Name: Christina Jurado
Title: Freelance Production Coordinator or Production Manager (depends on the job) on Music Videos, Commercials, and Feature Films.
What is it that you do on a day to day basis?
Honestly, it just depends on the day. I do a little bit of everything. I keep track of the budget, I help hire crew, negotiate deals, get equipment for a shoot locked in. As a Coordinator, my job is to make the call sheet and the pre production book (it’s a book that goes to the client, agency, or record label with all the job information and details). I am also responsible for making sure the crew knows what’s going on each day, if there are fittings, or meetings, or their call times for shoot days. I also make sure the Office staff orders lunch, gets coffee for the bosses, and are doing their jobs properly. On shoot days, I’m the first to arrive and the last one to leave, I make sure we are safe and staying on budget. I’m also responsible for making sure all the Talent, Agency, Label, and Client have all of their needs met and are happy with what’s being filmed. After we’re done shooting, it’s my job to make sure everyone gets paid, and in a timely manner; that includes paying for any gear we rented, all crew who worked, etc. I have to account for every penny we spend, and make sure contracts go out to the right parties, and that all the paperwork is organized so that there are no questions that come up about the job later on down the road.
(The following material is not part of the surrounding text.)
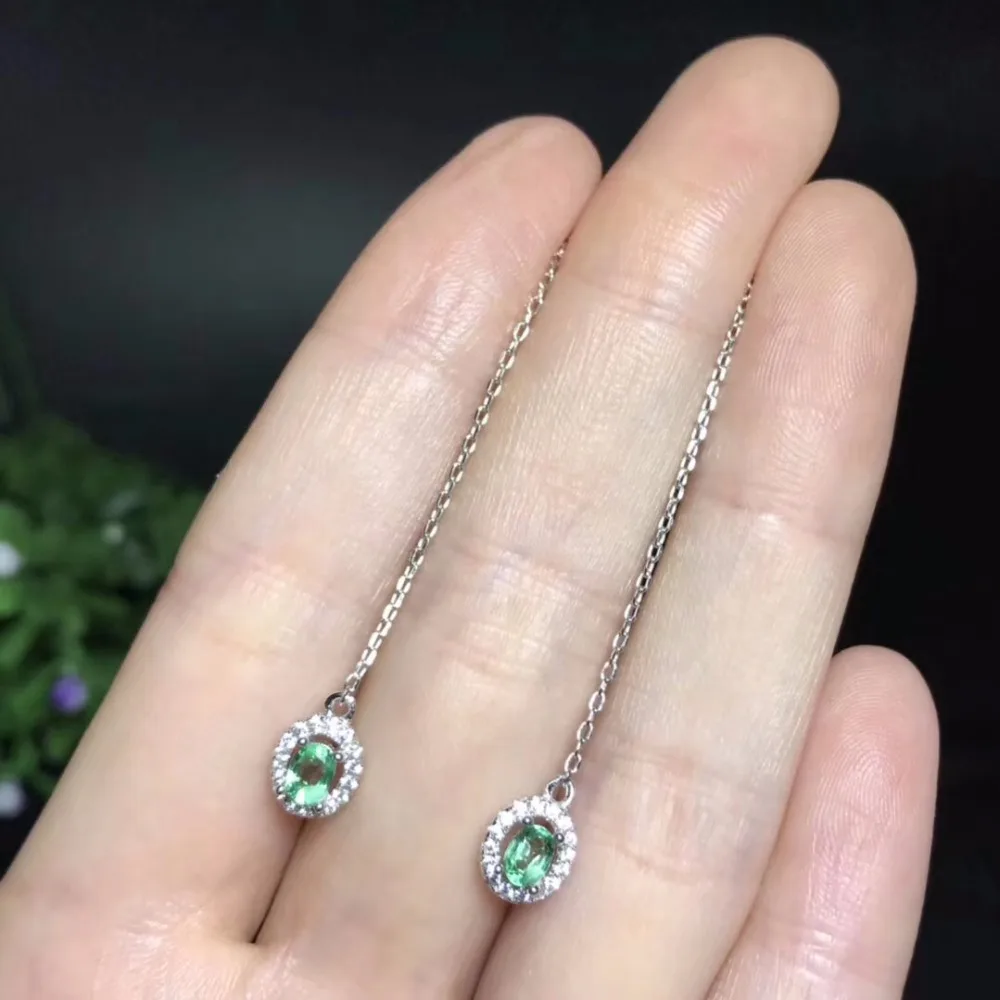 Серьги с натуральным изумрудом профессиональные женские серьги изумрудами из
What are your favorite parts of your job?
I love all parts of my job but I would have to say my favorite part is being on set. There is something about the energy that everyone brings to set, the idea that we are creating something that my outlive us, that will impress other generations, it’s kind of cool. Being on set is like being on an old wooden roller coaster where you have moments of calm and then moments of complete stress, where your heart is pounding a mile a minute, then moments of calm again, then moments of heart pounding exhilaration and it goes back and forth like that all day. I mean even when I’m stuck in my trailer, not able to even see any of the filming, it’s still this mind blowing experience because you never know what’s going to happen, no matter how much you prepare, something always happens!!!
How did you get into your field? Was it something you always wanted to do or something you discovered bit by bit?
I went to film school with the intention of going into documentary film and making my own docs one day. Once I graduated, I got an internship with a producer, as his assistant. I figured I would see what a producer does, learn some things, and go back to documentary films after the internship ended. I didn’t know that I would fall in love with this job and that 5 years later, I’d still be doing this and still love it!!!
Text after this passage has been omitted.